20 November 2018. Published by Jake Hardy, Partner

In the latest of a long line of higher court authorities debating the boundaries between black letter and more purposive approaches to contractual construction, the Court of Appeal has taken another step away from the high-water marks of the business common sense approach to contractual meaning.

In S&T (UK) Limited v Grove Developments Limited, the court found that parties can work contractual notice machinery according to the black letter terms on the face of the contract, even where that means that the contractual machinery is pointless and commercially nonsensical.(1)


S&T was a building contractor to Grove, the developer. The industry standard form contract provided that where there was overrun, the developer must send the following notices in sequence to the contractor in order to claim liquidated damages:

  • a notice that the work has not been completed on time (a non-completion notice);
  • a notice that liquidated damages might be sought or deducted from payments due (a warning notice); and
  • a notice that liquidated damages are in fact being deducted or claimed and in what amount (a deduction notice).

Grove sent its notices to S&T as follows:

  • the first notice was sent on 13 October 2016;
  • the second notice was sent (by email) at 5:00:49pm on 18 April 2017; and
  • the third notice was sent just eight seconds later at 5:00:57pm on 18 April 2017.

In court, S&T argued that the warning notice had to have some purpose, to allow it (as the recipient) to at least consider doing something in response before Grove moved to declare liquidated damages due and payable. Instead the third notice had arrived in its email system seven seconds after the second notice, which meant that it had been served before S&T was aware that it had received the second notice. Did the fact that Grove sent the deduction notice immediately following the warning notice make the deduction notice non-compliant?

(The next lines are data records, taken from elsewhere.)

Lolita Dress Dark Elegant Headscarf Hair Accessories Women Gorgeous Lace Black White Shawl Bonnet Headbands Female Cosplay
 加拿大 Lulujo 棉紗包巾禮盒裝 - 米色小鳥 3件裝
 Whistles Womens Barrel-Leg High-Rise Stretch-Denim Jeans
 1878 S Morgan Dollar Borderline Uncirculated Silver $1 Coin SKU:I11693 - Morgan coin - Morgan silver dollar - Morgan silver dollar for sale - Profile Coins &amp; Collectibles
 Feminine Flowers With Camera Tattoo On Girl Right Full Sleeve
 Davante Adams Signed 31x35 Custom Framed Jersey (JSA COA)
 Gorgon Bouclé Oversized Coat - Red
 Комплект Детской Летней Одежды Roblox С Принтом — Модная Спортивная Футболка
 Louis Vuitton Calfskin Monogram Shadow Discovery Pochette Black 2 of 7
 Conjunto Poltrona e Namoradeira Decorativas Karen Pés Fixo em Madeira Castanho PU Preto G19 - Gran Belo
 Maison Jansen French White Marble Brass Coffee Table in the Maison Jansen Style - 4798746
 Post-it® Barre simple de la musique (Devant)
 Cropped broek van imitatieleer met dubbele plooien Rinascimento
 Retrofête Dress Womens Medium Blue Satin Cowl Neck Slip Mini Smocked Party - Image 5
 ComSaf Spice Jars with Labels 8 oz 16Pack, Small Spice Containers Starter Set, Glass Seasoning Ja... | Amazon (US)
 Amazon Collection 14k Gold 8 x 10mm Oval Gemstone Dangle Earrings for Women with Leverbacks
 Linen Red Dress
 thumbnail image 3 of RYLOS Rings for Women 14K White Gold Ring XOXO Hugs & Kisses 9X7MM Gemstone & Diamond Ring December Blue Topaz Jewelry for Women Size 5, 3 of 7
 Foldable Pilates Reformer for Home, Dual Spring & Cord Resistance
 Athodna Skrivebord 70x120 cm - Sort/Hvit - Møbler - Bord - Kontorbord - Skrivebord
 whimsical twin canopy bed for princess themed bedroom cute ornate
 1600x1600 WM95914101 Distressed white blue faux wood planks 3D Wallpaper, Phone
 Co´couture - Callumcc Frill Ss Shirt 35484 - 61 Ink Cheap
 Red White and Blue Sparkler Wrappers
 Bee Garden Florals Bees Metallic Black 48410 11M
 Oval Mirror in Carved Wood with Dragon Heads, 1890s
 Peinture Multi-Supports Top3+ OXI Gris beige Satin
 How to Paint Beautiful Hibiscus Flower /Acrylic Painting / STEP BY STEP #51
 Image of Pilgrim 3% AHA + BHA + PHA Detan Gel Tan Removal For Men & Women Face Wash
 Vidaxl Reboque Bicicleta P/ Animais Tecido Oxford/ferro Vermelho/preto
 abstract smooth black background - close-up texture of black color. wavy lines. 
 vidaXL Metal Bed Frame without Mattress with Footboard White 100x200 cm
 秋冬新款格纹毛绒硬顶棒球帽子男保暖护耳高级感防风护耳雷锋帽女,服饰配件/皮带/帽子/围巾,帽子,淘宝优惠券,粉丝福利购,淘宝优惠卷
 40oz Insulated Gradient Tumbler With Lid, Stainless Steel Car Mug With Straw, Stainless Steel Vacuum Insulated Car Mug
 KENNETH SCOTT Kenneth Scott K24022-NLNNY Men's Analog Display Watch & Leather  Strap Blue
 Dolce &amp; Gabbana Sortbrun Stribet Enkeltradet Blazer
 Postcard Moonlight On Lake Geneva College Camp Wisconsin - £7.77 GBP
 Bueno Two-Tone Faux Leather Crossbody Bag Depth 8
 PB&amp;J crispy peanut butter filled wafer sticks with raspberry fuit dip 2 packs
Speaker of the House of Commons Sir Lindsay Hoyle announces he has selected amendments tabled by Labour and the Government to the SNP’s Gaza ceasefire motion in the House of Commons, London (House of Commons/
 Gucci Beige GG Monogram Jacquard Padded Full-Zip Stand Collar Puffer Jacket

The Court of Appeal admitted that it came close to finding that there must be some implied requirement for the elapse of a reasonable period between a warning notice and a deduction notice, so as to give the warning notice at least a semblance of purpose. However, the Court of Appeal found that no such requirement existed; the contract did not specify a time delay (as it did between other contractual machinery steps) and it was not possible to say what a reasonable period would be or to imply a term from business necessity. Instead, it was held as follows:

However surprising it may seem to a judge… the contract requires no more than the giving of notices in a specified sequence. Judges should not generally impose their notions of commercial common sense upon the parties to business disputes. Provided that a scintilla of time elapses after giving notice 2 and before giving notice 3, that is sufficient.


The decision confirms that parties are more likely to be able to work contractual machinery according to the black letter terms in which it is set out on the face of the contract. This leaves commercial organisations with more freedom to game the black letter terms of contracts as they were agreed in advance, in the knowledge that the courts are less likely to constrain them against purposive principles like business common sense.

This decision is the latest manifestation of a deep tension in UK law between black letter and purposive approaches to determining the nature of voluntary legal relations,(2) which is perhaps the only thing that is certain to continue.


(1) [2018] EWCA Civ 2448.
(2) As neatly outlined by the member of the bench who delivered the leading judgment in a lecture.